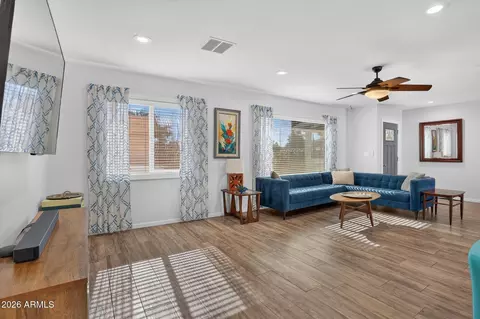 Living - 3111 N 33rd St, Phoenix, AZ 85018 photo 3 of 3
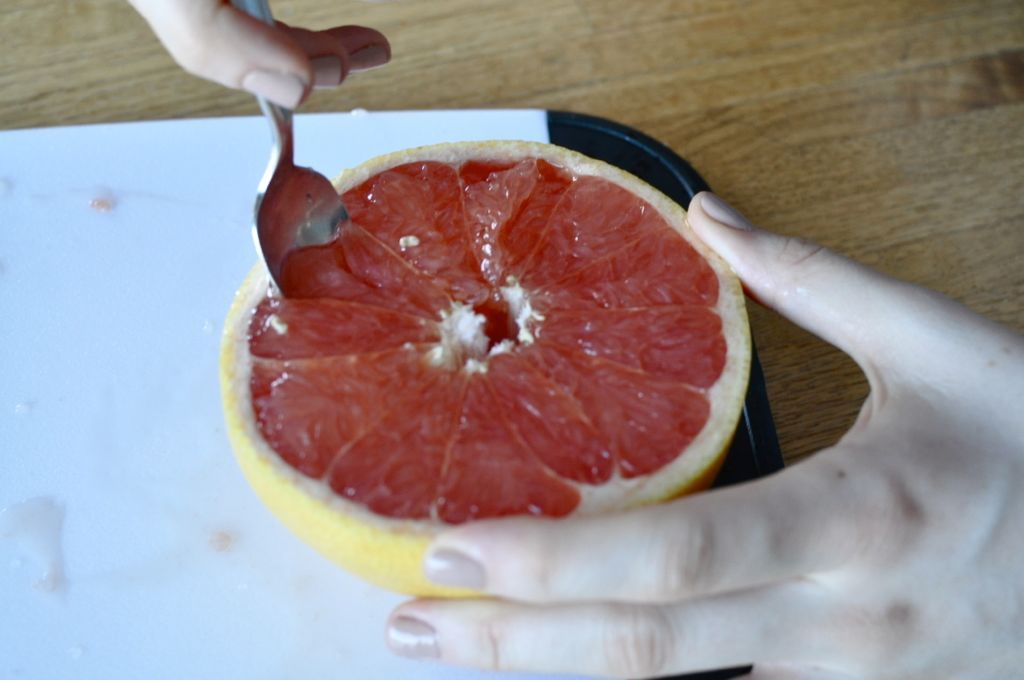 Sådan skæres en grapefrugt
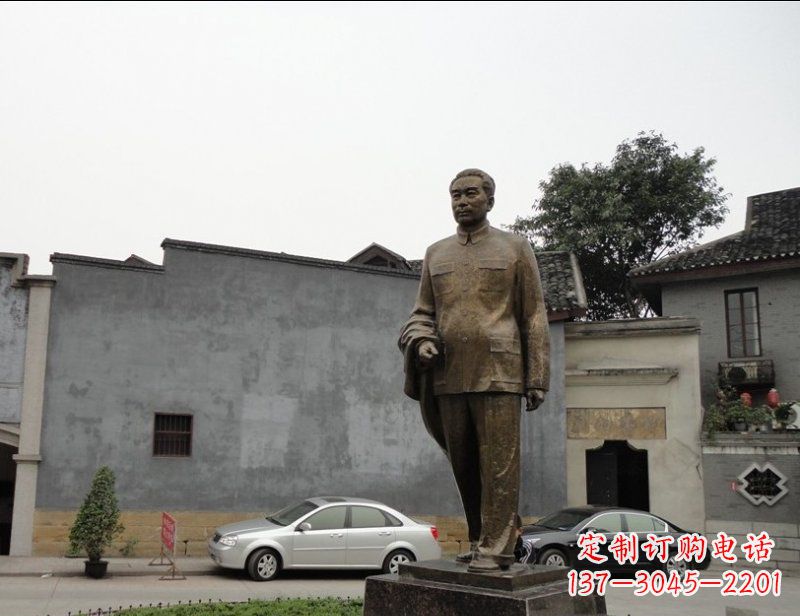 泰州周恩来广场伟人铜雕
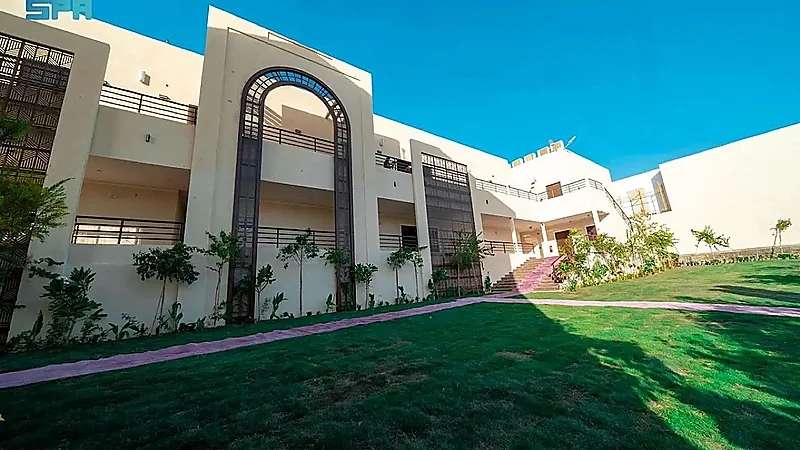 تنفذ المرحلة الأولى من الخيام ذات الطابقين في مشعر منى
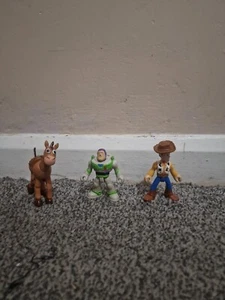 Imaginext Fisher Price Toy Story Figura Woody e Buzz Toys - Foto 1 di 4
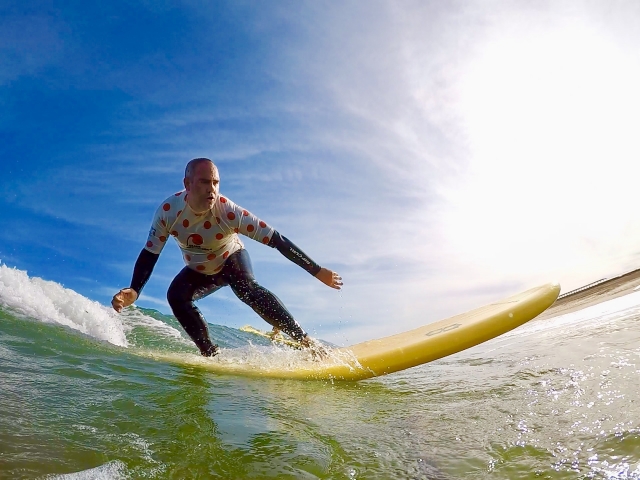  Clases de surf en la playa de los Cavaliers 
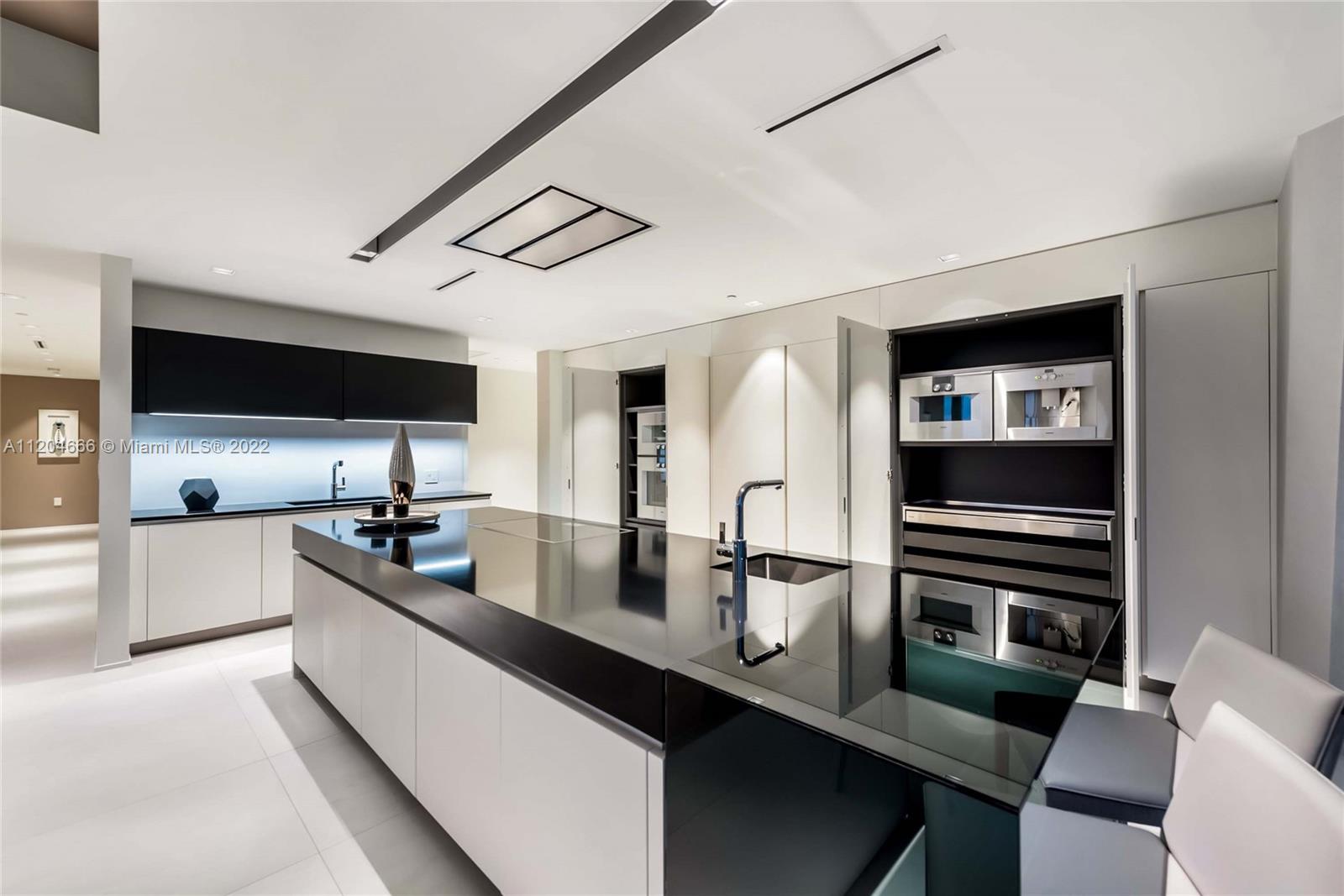 One Thousand Museum - Residential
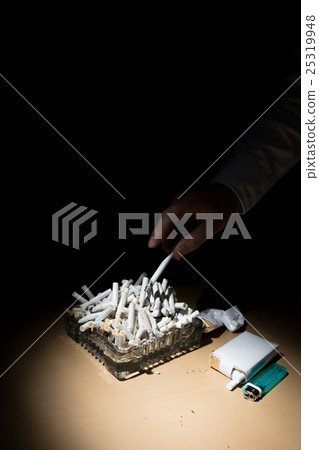 重吸煙者 25319948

▶ Try it
Beginning with the line with "泰州周恩来广场伟人铜雕", repeat the entries above exactly, up to and including the last line, leaving out pictures.

▶ Response to the exercise
 泰州周恩来广场伟人铜雕
 تنفذ المرحلة الأولى من الخيام ذات الطابقين في مشعر منى
 Imaginext Fisher Price Toy Story Figura Woody e Buzz Toys - Foto 1 di 4
  Clases de surf en la playa de los Cavaliers 
 One Thousand Museum - Residential
 重吸煙者 25319948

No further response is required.